Décidément, ce projet de loi ne manque pas de mauvaises surprises pour les territoires. Après les menaces sur le maillage territorial des CIO, nous ne pouvons que constater avec tristesse celles qui vont peser sur les CFA et grever les territoires ruraux.
Aux termes de l'alinéa 105 de l'article 11« Le centre de formation d'apprentis ou la section d'apprentissage ainsi créé peut percevoir les fonds issus de la taxe d'apprentissage [… ]. » Cela signifie que les CFA seront aidés par les branches professionnelles, ce qui est en soi, une bonne chose. Que les entreprises aident à la formation, voire qu'elles s'impliquent dans l'avenir de jeunes travailleurs, est en effet une chance pour nos territoires. Mais que, désormais, seules les entreprises puissent financer les CFA ne sera pas du tout une chance pour ces mêmes territoires, bien au contraire.
Je lis avec surprise que désormais, le CFA ou la section d'apprentissage ne sera plus, à aucun moment « éligible au financement de la région dans laquelle le centre de formation d'apprentis est implanté ou dans laquelle les formations sont réalisées. »

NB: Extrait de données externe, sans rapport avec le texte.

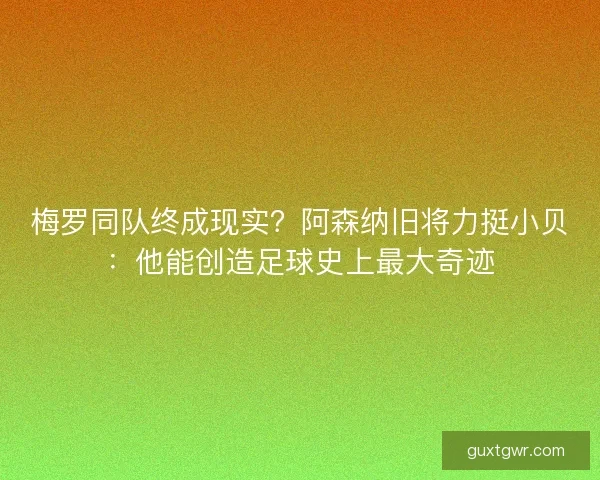 梅罗同队终成现实？阿森纳旧将力挺小贝：他能创造足球史上最大奇迹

En gros, les régions vont se dessaisir complètement des petits CFA, c'est-à-dire de ceux qui sont installés dans les zones rurales et qui y maintiennent des formations et un maillage territorial, c'est-à-dire un avenir pour des étudiants qui ne pourraient peut-être pas aller apprendre ailleurs.

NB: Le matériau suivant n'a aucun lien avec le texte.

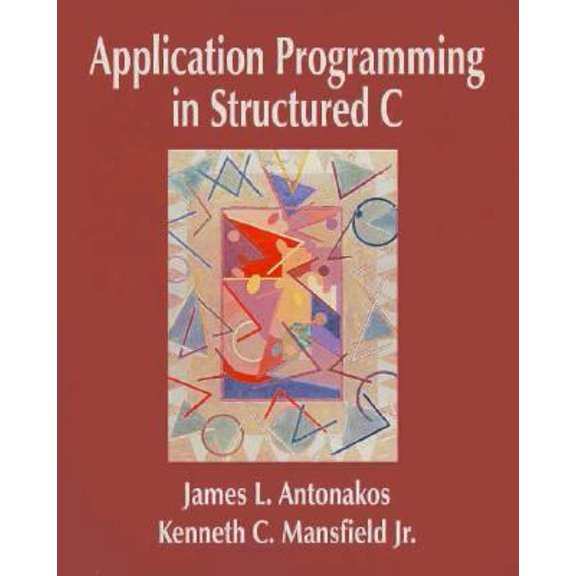 Pre-Owned Application Programming in Structured C (Paperback) 0133566846 9780133566840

Quelles entreprises donneraient leur taxe d'apprentissage à de petits CFA perdus dans la campagne ? Nous courons un grand risque : celui de voir les CFA urbains, ou ceux formant à des métiers considérés comme plus rentables, se développer au détriment de ceux installés au sein des espaces ruraux qui se retrouveront de facto exclus de l'offre d'apprentissage. Cette mesure c'est, une fois de plus, l'abandon des territoires. Dès lors, comment vous croire, madame la ministre, lorsque vous prétendez vouloir augmenter le nombre d'apprentis ?
Dans ma région, l'Occitanie, 70 % des centres de formation – qui sont une centaine – sont ainsi menacés : mes inquiétudes les concernant sont par conséquent grandes. Quel avenir allons-nous donc offrir à nos 36 000 apprentis ? Que vais-je dire à ces personnes qui, de plus en plus, font dans ma région le choix de l'apprentissage, alors qu'à la rentrée 2018, les effectifs avaient augmenté de 4 % ? Allons-nous devoir les abandonner ? Quel avenir offrons-nous, plus généralement, aux territoires ruraux ? Une fois en effet que les candidats à l'apprentissage auront commencé leur formation sur d'autres territoires, il y a peu de chance qu'ils reviennent dans leur région de naissance.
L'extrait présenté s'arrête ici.